Ambition: CONVISE will design technology for predicting consumer attention maps from the visual advertisement content, from the collective and individual consumer attention perspectives. A novel pixel-level regression problem will be formulated; given an input visual ad, predict the potential consumer attention maps, without using any sensors. This problem definition is a market-relevant variant of the classic computer vision saliency detection problem, that can be solved with a supervised learning strategy, using deep learning. The performance of the newly developed technology will be evaluated in a CONVISE captured dataset in terms of Intersection over Union (IoU) (Yu, 2021) metric, targeting for an initial value of 60% IoU rate with a prediction tolerance rate of 20% (i.e., the difference between the predicted values and the ground truth values) (KPI OB1). The developed technology will be compared with state-of-the-art saliency detection methods, expecting performance gains of at least 15% (KPI OB2) in relevant IoU metrics, due to the increased market relevance of the designed technology.

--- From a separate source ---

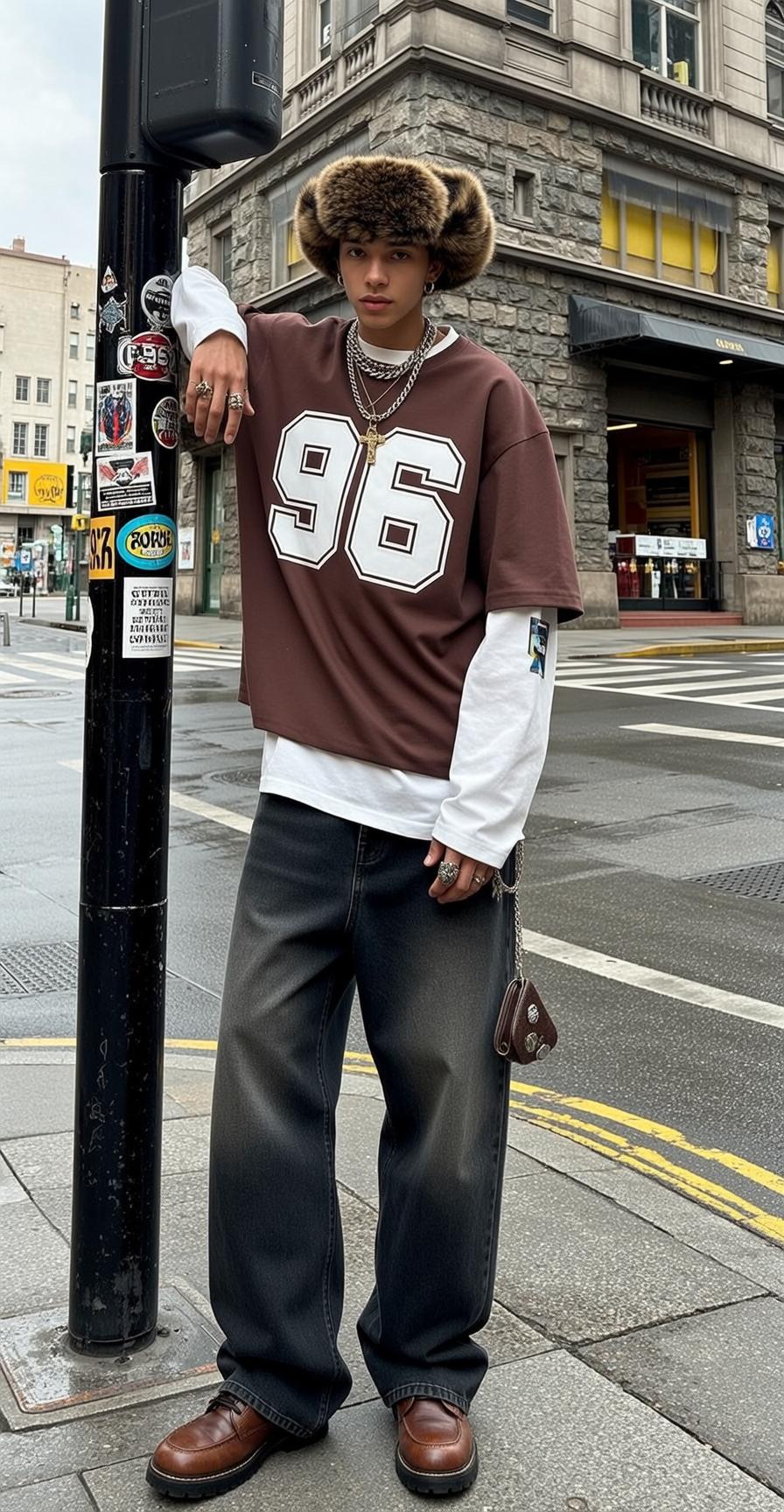 Young Dark Styled Light Brown Oversized T-shirt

Motivation: The effect of perceived ad personalization is invaluable, as relevant studies have shown that there is a strong correlation between personal ad relevance and click intention (De Keyzer, 2022). On the other side, ad personalization also induces perceived ad intrusiveness, leading consumers to intentionally ignore the ads. For instance, ad personalization using location seems to increase ad intrusiveness, while personalization based on consumer interests and demographics increases personal relevance (De Keyzer, 2018). Therefore, there is a need to define new “pervasive” content personalisation strategies, that do not infringe individual consumer privacy, since consumer demographics are personal data requiring explicit consumer consent. From the CONVISE perspective, common age/gender groups, might exhibit common consumer attention patterns as well, as it has been shown in personalized saliency detection experiments (Lee, 2021). In fact, recent marketing studies (Pfiffelmann, 2020) have correlated consumer visual attention (in the form of sensor extracted variables such as fixation count, average visit duration, total fixation duration) to ad personalization by a remarkable 76%. CONVISE attention prediction technology will be evaluated if it can be used to this end. In addition, since eye-tracking technology can also potentially be used to identify individuals (Brendan, 2021), privacy risks must be addressed and mitigated.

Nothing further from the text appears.